■ How to complete this task
Print the lines below from the line with "Liczby kwantowe Stany" to the line with "Long Sleeves Thick" exactly, keeping both ends, and print no pictures.

■ Information

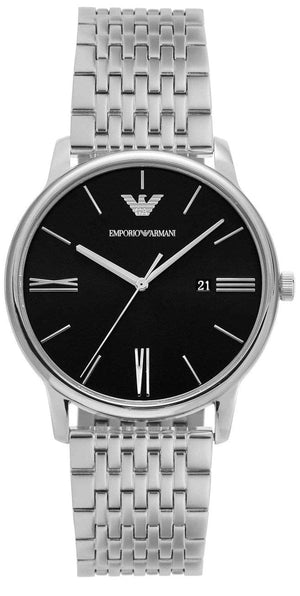 Buy Shop Emporio Armani Minimalist Black Dial Silver Steel Strap Watch for Men - AR11600 USA Online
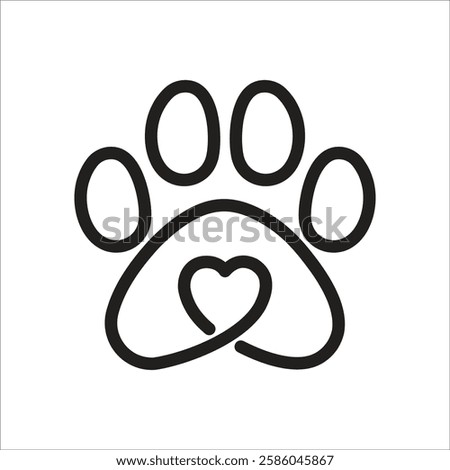 Pet paw editable stroke icon. footprints Pet paw, Heart with pet paw, print dog cat icon, vector illustration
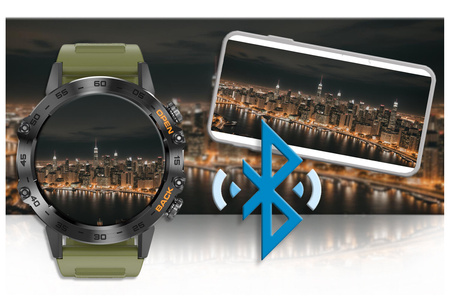 SMARTWATCH MĘSKI ZIELONY PASEK WYKONYWANIE POŁĄCZEŃ CIŚNIENIOMIERZ GRAVITY GT9-12 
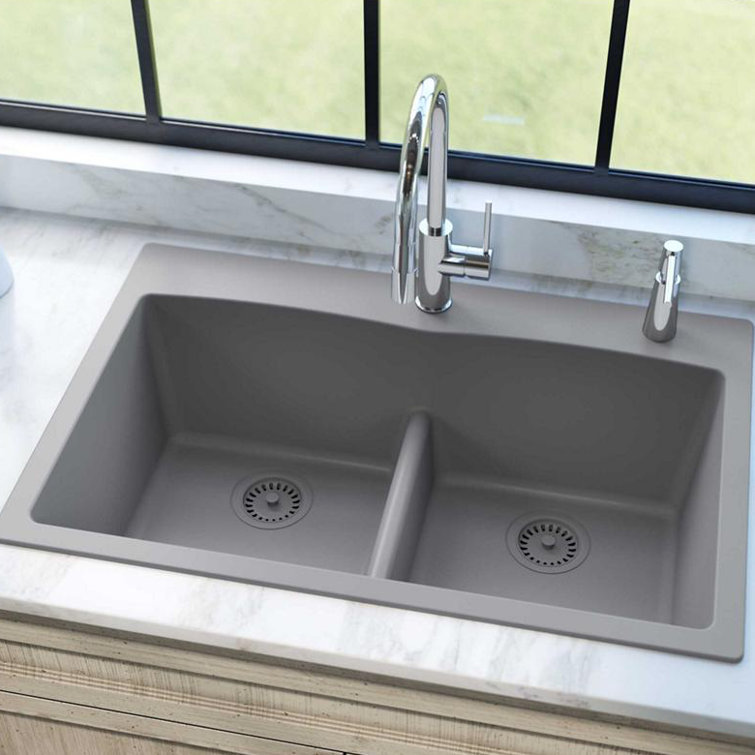Greystone Quartz Double Basin Drop-In Kitchen Sink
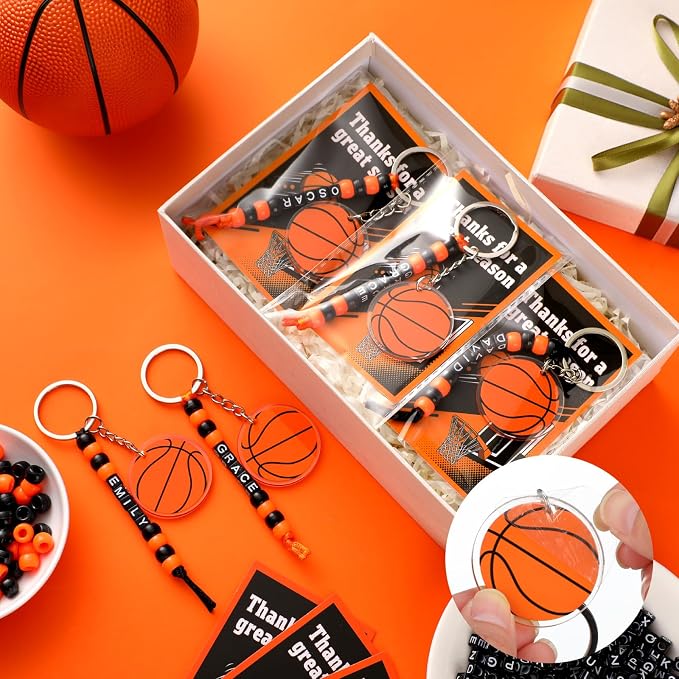 Suncalla 984 Pcs 24 Set Basketball Keychain Making Kit DIY Basketball Bag Tag - Image 6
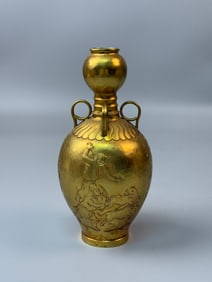 A Exquisite Gilt Bronze Persian Pattern Vase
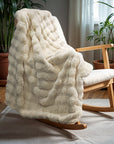 Pom Rabbit Fur plaid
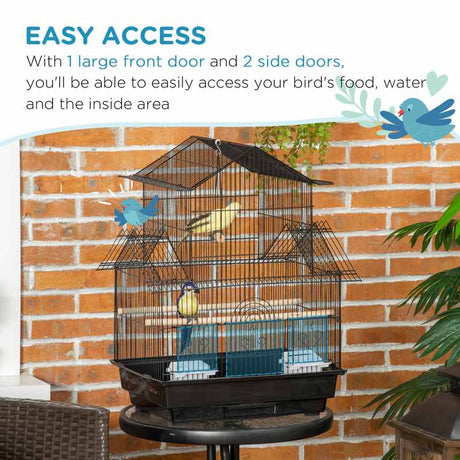 PawHut Metal Bird Cage with Plastic Swing Perch Food Container Tray Handle for Finch Canary Budgie 50.5 x 40 x 63cm Black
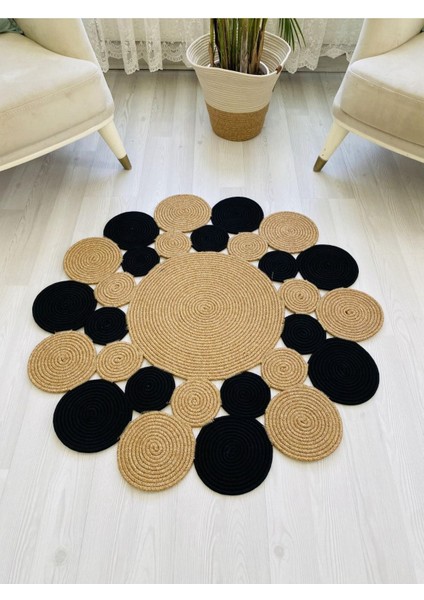 Jüt Hasır Görünümlü Desenli Modern El Örgüsü Daire Halı Kilim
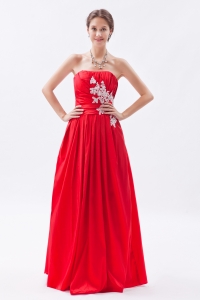 Red Prom Dress Strapless Taffeta Appliques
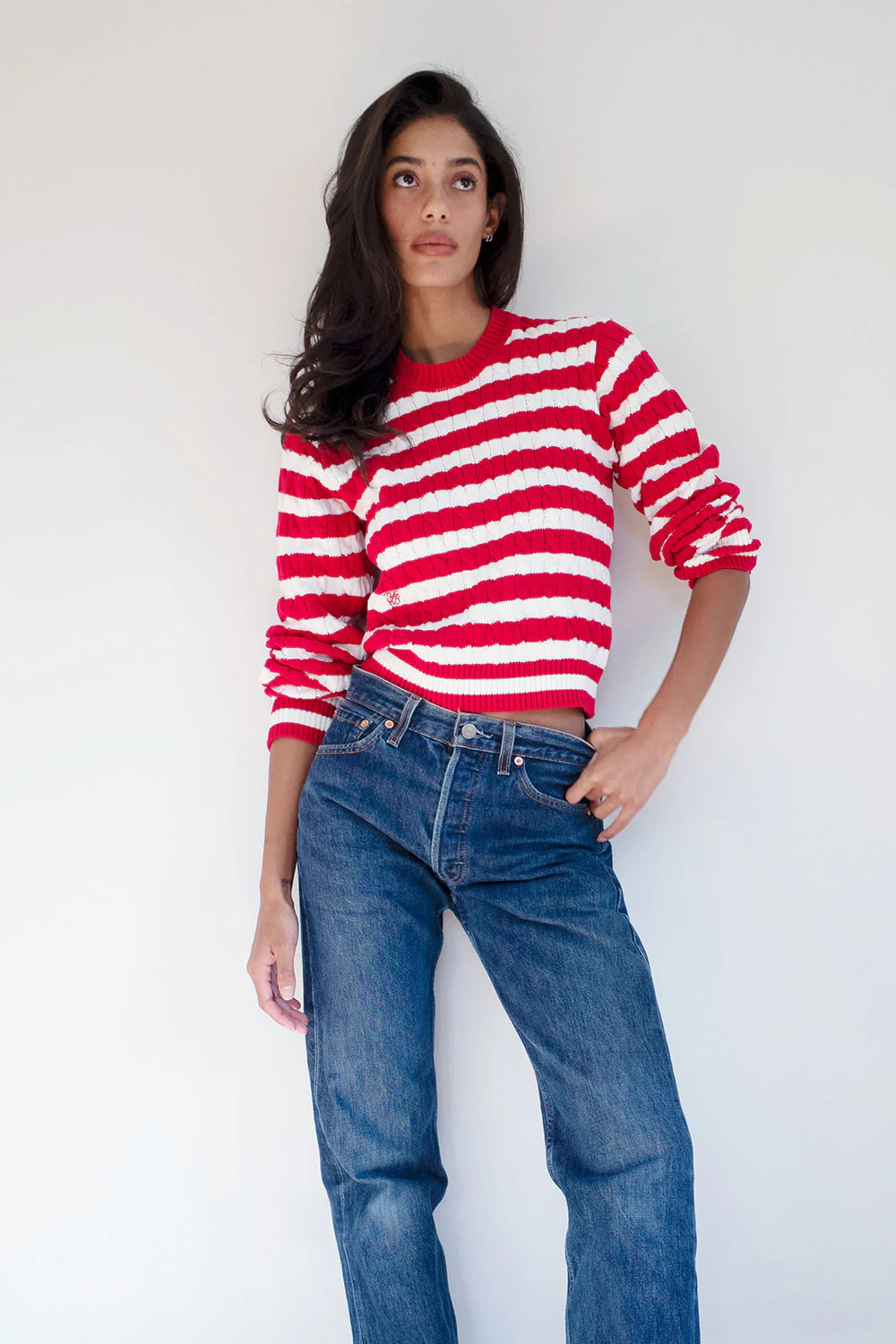 Varsity Cable Knit Sweater - Heartstrings Stripe - Image 9
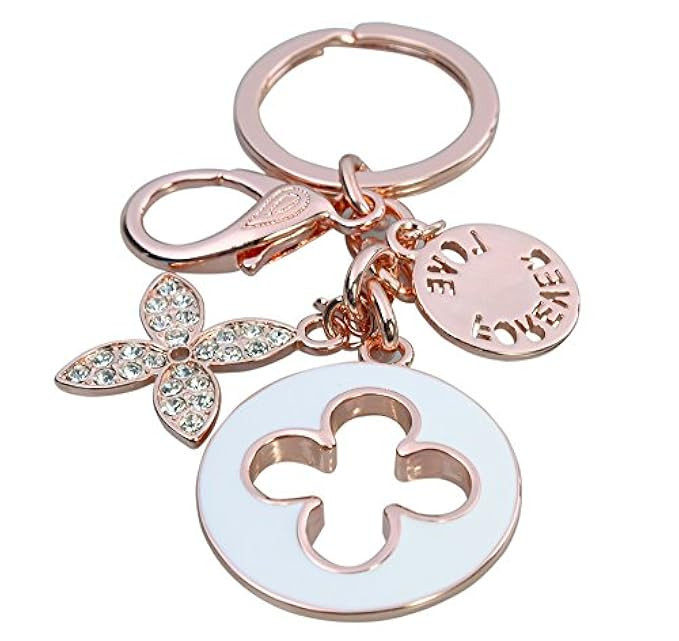 HI-BOOM Four Leaf Clover Rose Gold Plated Alloy Crystal Elements Keychain Key Ring | Amazon (US)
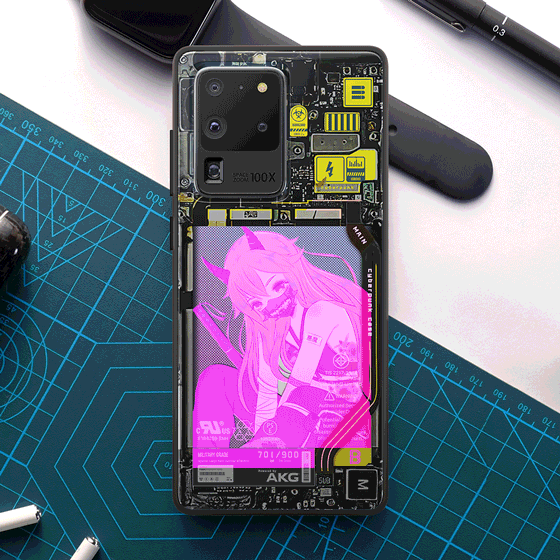 Demon Girl Industrial LED Case photo on table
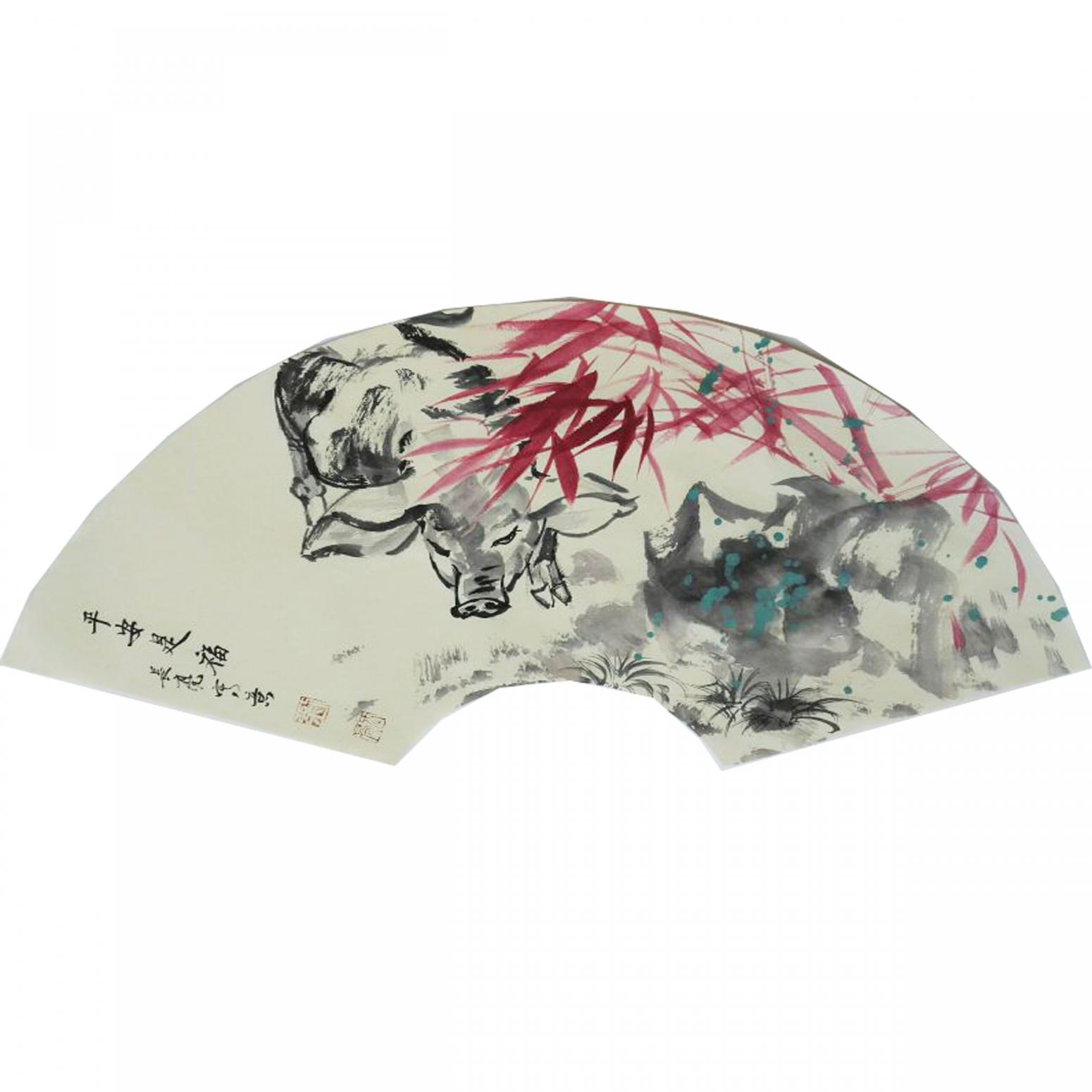 刘长亮国画作品《【扇面】作者刘长亮》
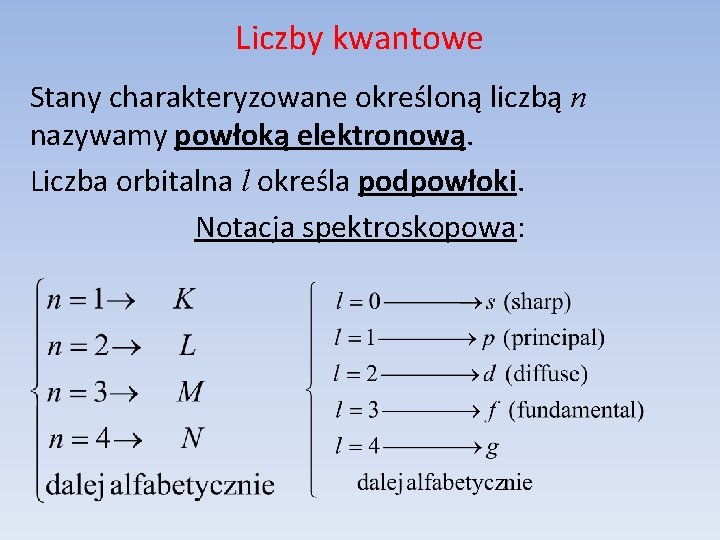 Liczby kwantowe Stany charakteryzowane określoną liczbą n nazywamy powłoką elektronową. Liczba orbitalna l określa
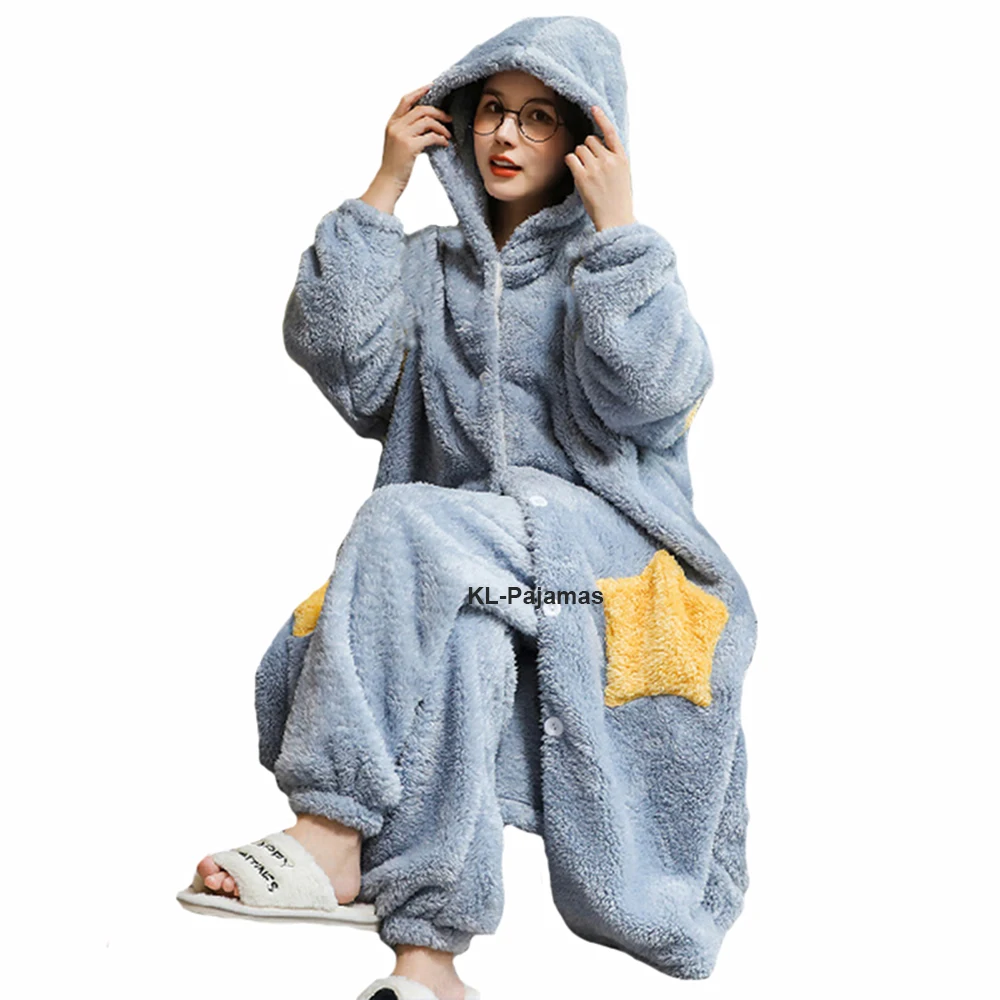 Long Sleeves Thick Warm Flannel Pajama Sets Winter Women's Nightgowns Long Robes Kimono Bathrobe Coral Fleece Loose Home Wear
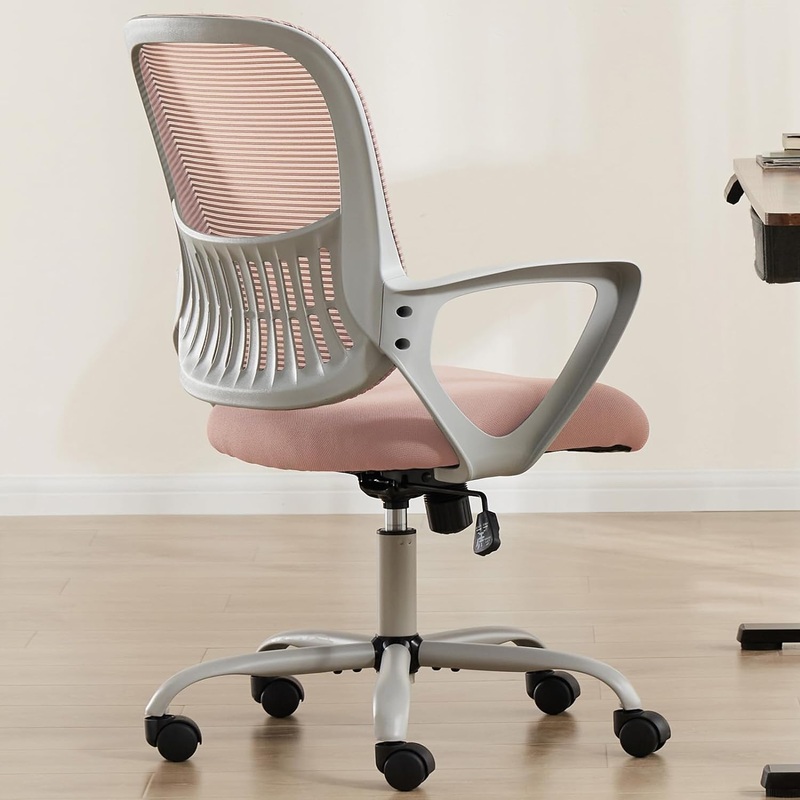 Sweetcrispy Ergonomic Office Chair with Arms, Home Office Desk Chairs with Wheels, Lumbar Support  Swivel Rolling Mesh Chair with Rock & Lock for Gaming- Computer Chair with Breathable Design (Pink)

■ Response area
 Liczby kwantowe Stany charakteryzowane określoną liczbą n nazywamy powłoką elektronową. Liczba orbitalna l określa
 Long Sleeves Thick Warm Flannel Pajama Sets Winter Women's Nightgowns Long Robes Kimono Bathrobe Coral Fleece Loose Home Wear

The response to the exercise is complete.